[[ Input material open ]]

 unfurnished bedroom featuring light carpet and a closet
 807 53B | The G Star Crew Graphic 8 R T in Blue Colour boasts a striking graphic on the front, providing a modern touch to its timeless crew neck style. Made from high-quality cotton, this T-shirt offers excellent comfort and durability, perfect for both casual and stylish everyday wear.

[[ Input material closed ]]
[[ Input material open ]]

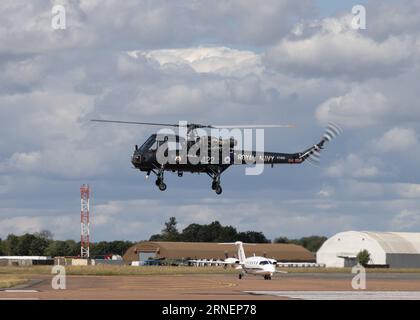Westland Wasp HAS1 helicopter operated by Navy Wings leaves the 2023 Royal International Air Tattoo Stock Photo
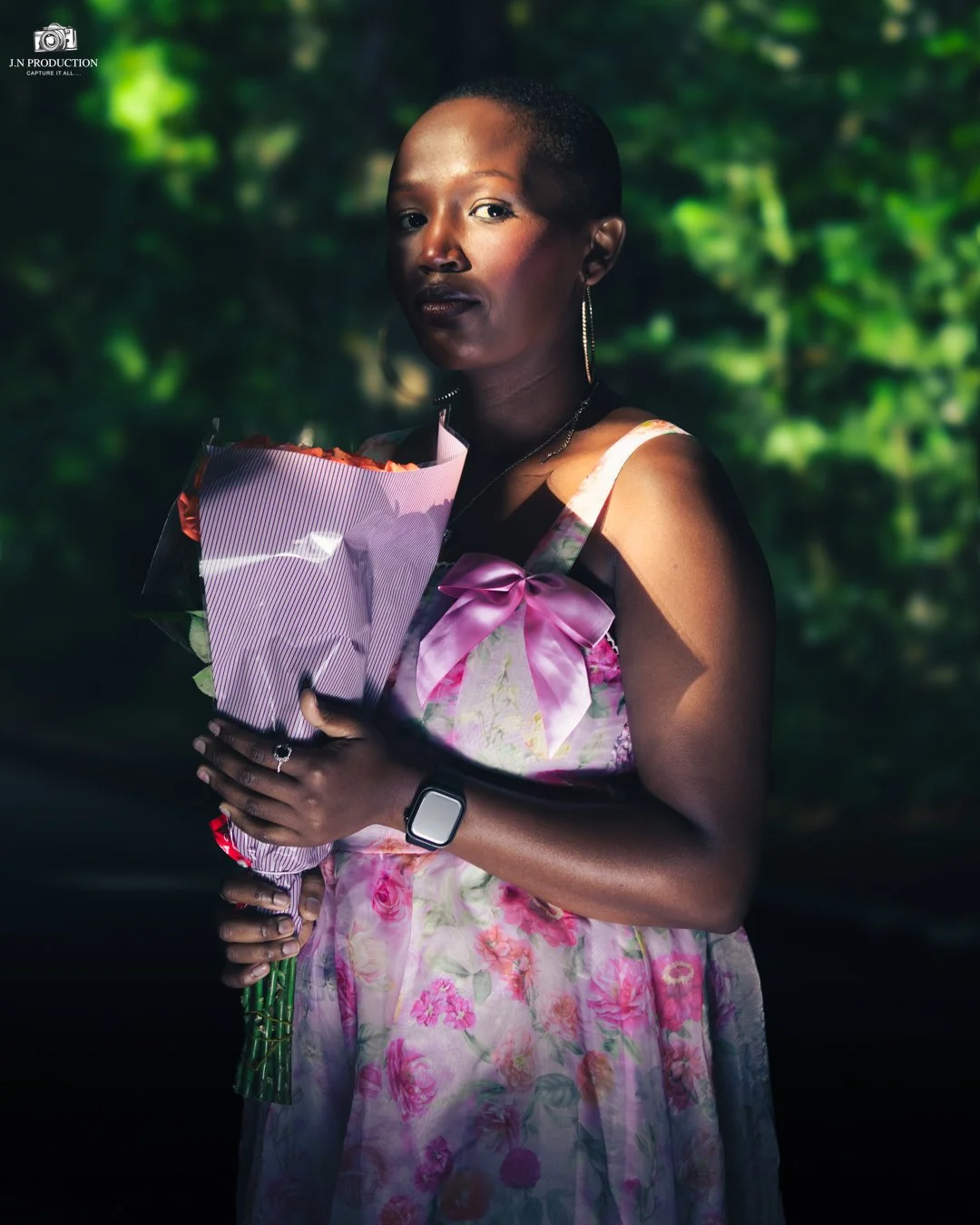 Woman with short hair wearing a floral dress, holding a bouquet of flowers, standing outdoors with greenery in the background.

[[ Input material closed ]]
[[ Input material open ]]

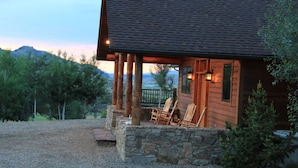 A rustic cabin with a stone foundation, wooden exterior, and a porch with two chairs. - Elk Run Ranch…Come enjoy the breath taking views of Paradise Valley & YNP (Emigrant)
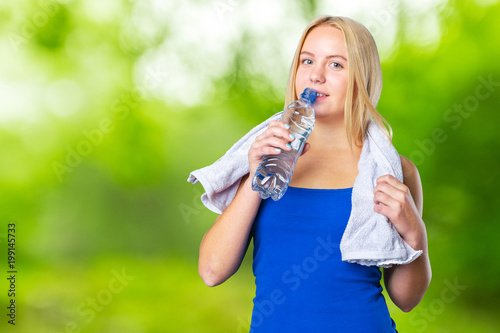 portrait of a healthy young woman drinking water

[[ Input material closed ]]

### Prompt
Keep to the stretch from the line containing "A rustic cabin" through the line containing "portrait of a", both ends included, and copy it exactly from the listing above, minus the pictures.

### Expected answer
 A rustic cabin with a stone foundation, wooden exterior, and a porch with two chairs. - Elk Run Ranch…Come enjoy the breath taking views of Paradise Valley & YNP (Emigrant)
 portrait of a healthy young woman drinking water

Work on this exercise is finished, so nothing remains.